Morality Ch. 2: Finding Fixed Morals for a Changing World

New Testament Christians act differently from Old Testament saints, so how can we know what is right for modern-day Christians? We can work it out, case by case, from the historical and biblical context.

The main question of this book is, Can we use the Bible as a basis for morality? Society and technology change so fast that any set of rules quickly becomes outdated. So how can a book that was written to be relevant a few thousand years ago provide rules that still apply today?

If you are someone who likes reasons and overarching theories about how things work, read on. If your mind works better with examples from real life, you might prefer to skip this chapter. You can always come back to it when you want to consider general principles.

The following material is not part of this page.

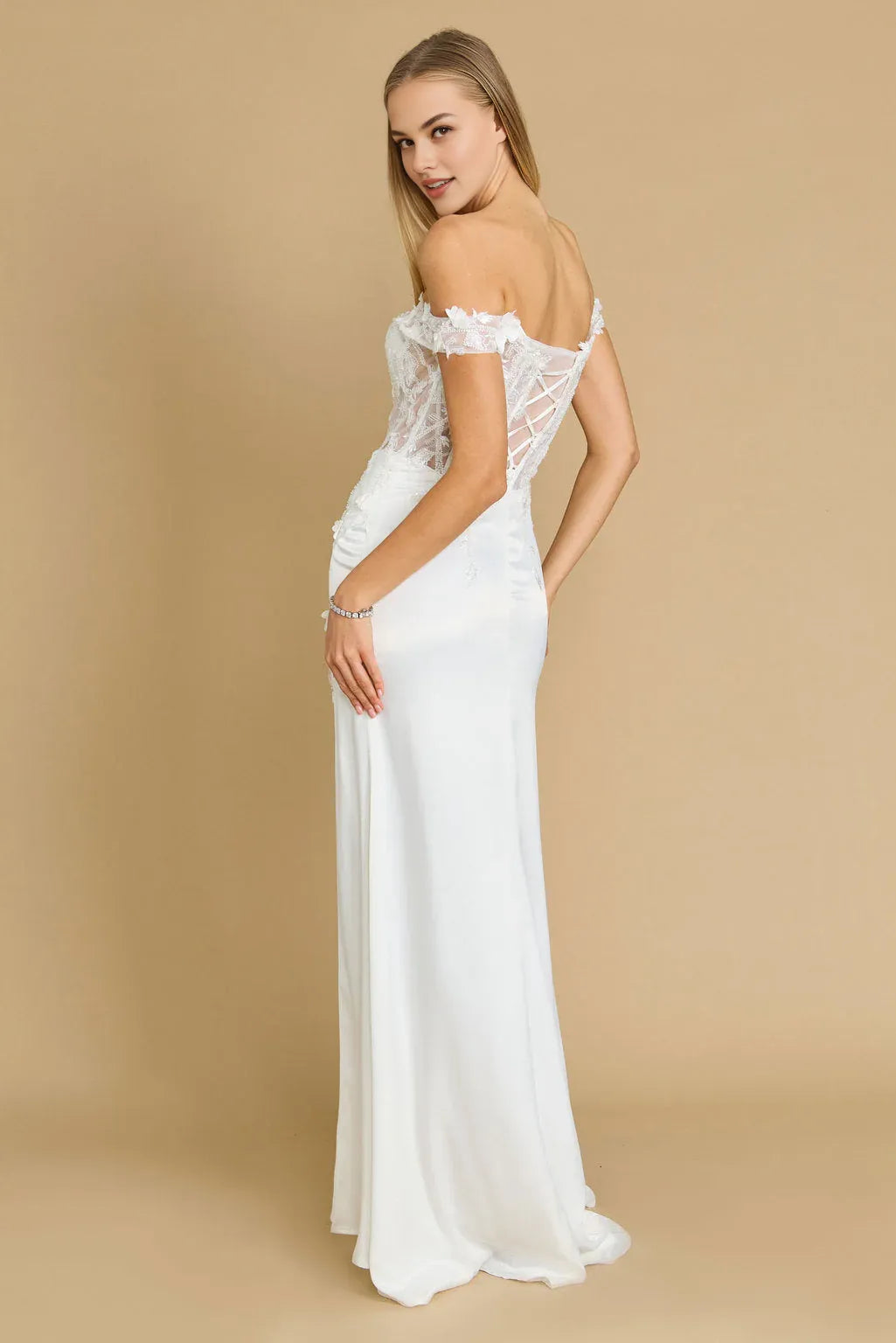 Weitese Dress Fitted Corset Off the Shoulder Formal Prom Dress Emerald Sheath/Column Side Slit Evening Dress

Saying that the Bible is inspired doesn’t solve the problem. You may believe that the books of the Bible were written by clever people helping their own society to follow God. Or you may believe (as I do) that these writers were given supernatural help. In theory they could have been told what society would be like thousands of years later. But if they included rules for every society in every culture in every age, this would produce a very large and strange book. There would be too many ifs and buts!

Here’s an example of a Bible rule that seems clear at first glance but may require deeper scrutiny: Paul’s command for women to cover their heads in worship (1 Cor 11:5). An Australian told me about the surprise his friend had when he first preached in rural churches of Papua New Guinea, where they cope with the heat by wearing very minimal clothing. Some churches had a row of Western women’s hats just inside the door, so he got used to seeing topless women wearing incongruously ornate hats during the service in obedience to Paul’s command. Other churches didn’t have these hats, so the women, similarly topless, took off their skirts and put them over their heads when entering the church. They believed that all of God’s commands in the Bible are timeless, and there isn’t any specific command in the Bible about covering anything except the head.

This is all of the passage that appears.